### Task details
When you copy from the entries that follow, take only the lines from the one with "Wedding Wishes cake" down to the one with "2022 Brand Men's", keeping both ends and dropping every picture.

### Data shown
*** Begin section ***

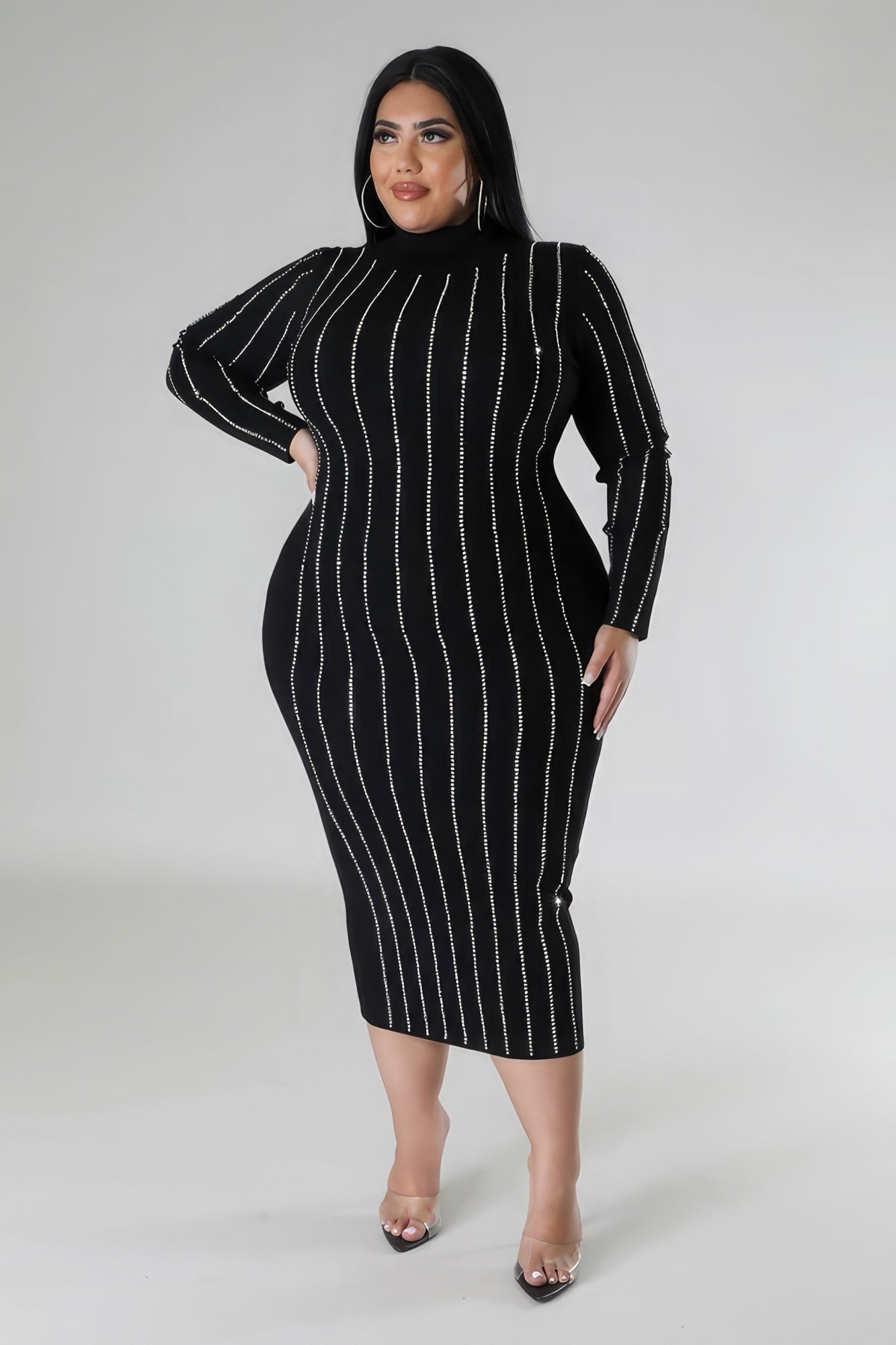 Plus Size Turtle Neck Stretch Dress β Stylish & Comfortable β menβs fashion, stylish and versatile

*** End section ***
*** Begin section ***

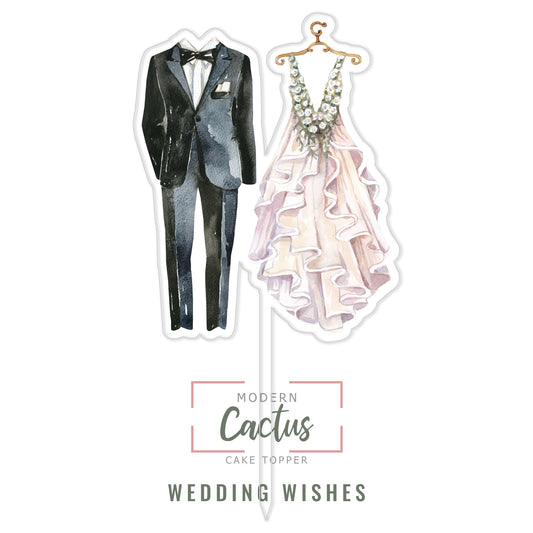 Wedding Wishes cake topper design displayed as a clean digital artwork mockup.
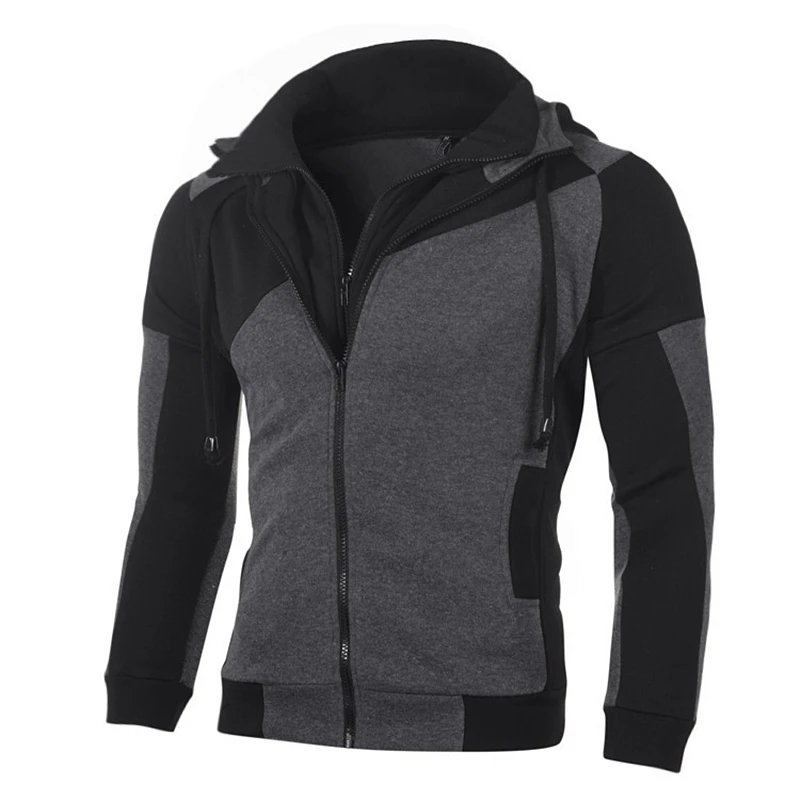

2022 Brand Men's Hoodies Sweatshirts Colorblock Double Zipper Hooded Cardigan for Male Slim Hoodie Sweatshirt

*** End section ***

### Exercise answer
 Wedding Wishes cake topper design displayed as a clean digital artwork mockup.

2022 Brand Men's Hoodies Sweatshirts Colorblock Double Zipper Hooded Cardigan for Male Slim Hoodie Sweatshirt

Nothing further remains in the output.